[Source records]
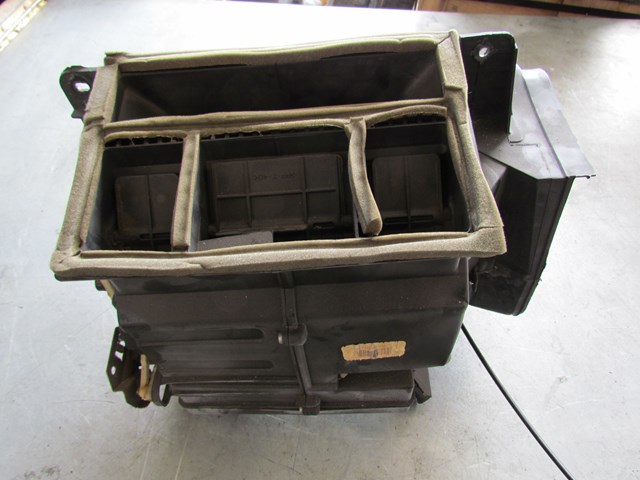 2005 Subaru Baja Heater Core Assy Cracked See Pics 72110 AE050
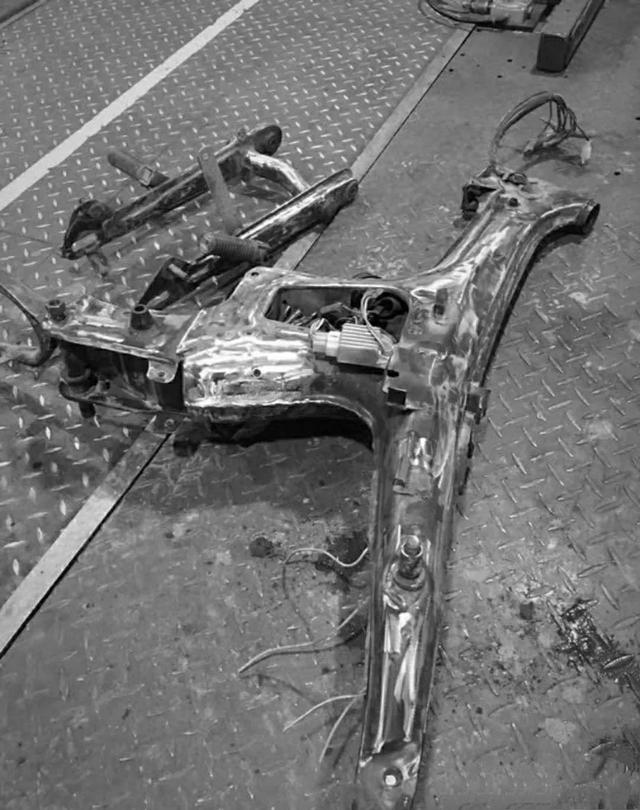 嘉陵70e改装最佳方案,嘉陵70改装125发动机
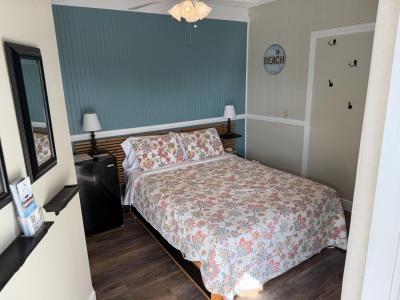 3350 NE Indian River Drive, Jensen Beach, Florida 34957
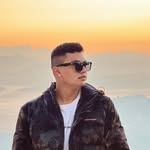 wyaatt_ profile picture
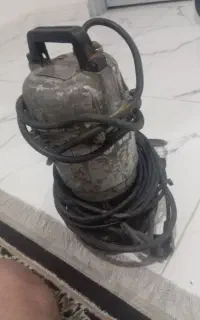 کفکش سالم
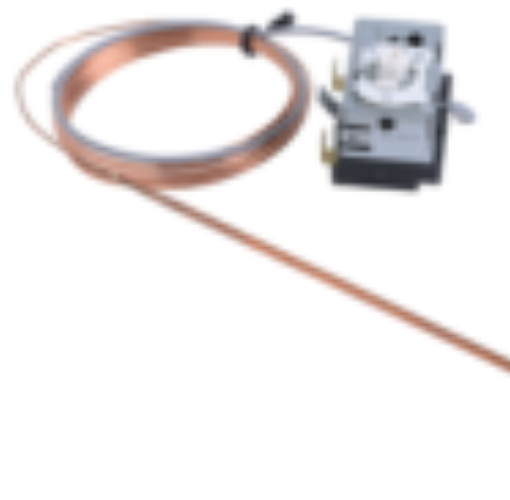 Viessmann Sicherheitstemperaturbegrenzer 95/120 - 7837112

TASK DESCRIPTION |
From the line containing "嘉陵70e改装最佳方案,嘉陵70改装125发动机" through the last line of the records, both included, output those lines exactly and nothing else; skip the pictures.

ANSWER FOR THE TASK |
 嘉陵70e改装最佳方案,嘉陵70改装125发动机
 3350 NE Indian River Drive, Jensen Beach, Florida 34957
 wyaatt_ profile picture
 کفکش سالم
 Viessmann Sicherheitstemperaturbegrenzer 95/120 - 7837112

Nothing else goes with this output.